- [Problem] Pictures are to be left out, and only the lines below starting at the one with "St. Majewski A3" and ending at the one with "Salehe Bembury x" are to be reproduced, each exactly, both ends included.
START Data provided
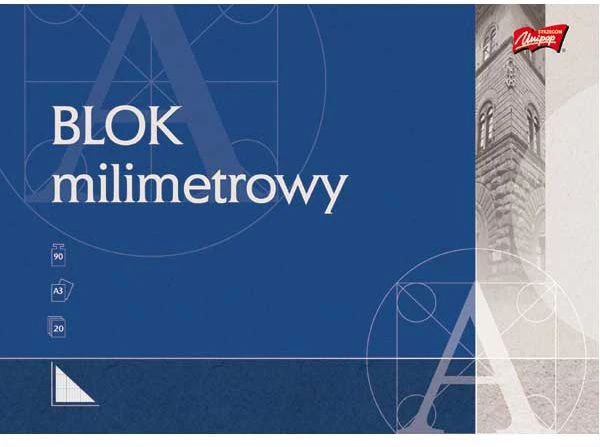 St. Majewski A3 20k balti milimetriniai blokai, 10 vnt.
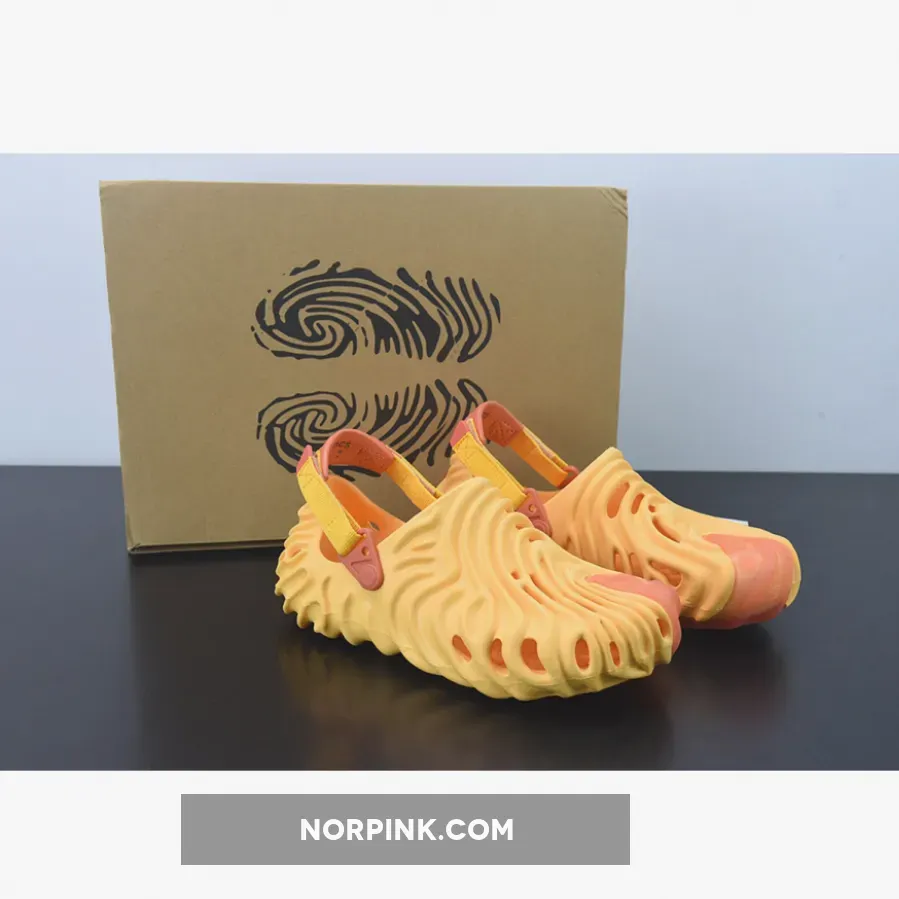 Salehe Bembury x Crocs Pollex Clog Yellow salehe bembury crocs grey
END Data provided
START Data provided
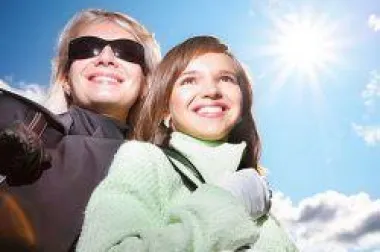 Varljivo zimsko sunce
END Data provided
- [Solution to this task]
 St. Majewski A3 20k balti milimetriniai blokai, 10 vnt.
 Salehe Bembury x Crocs Pollex Clog Yellow salehe bembury crocs grey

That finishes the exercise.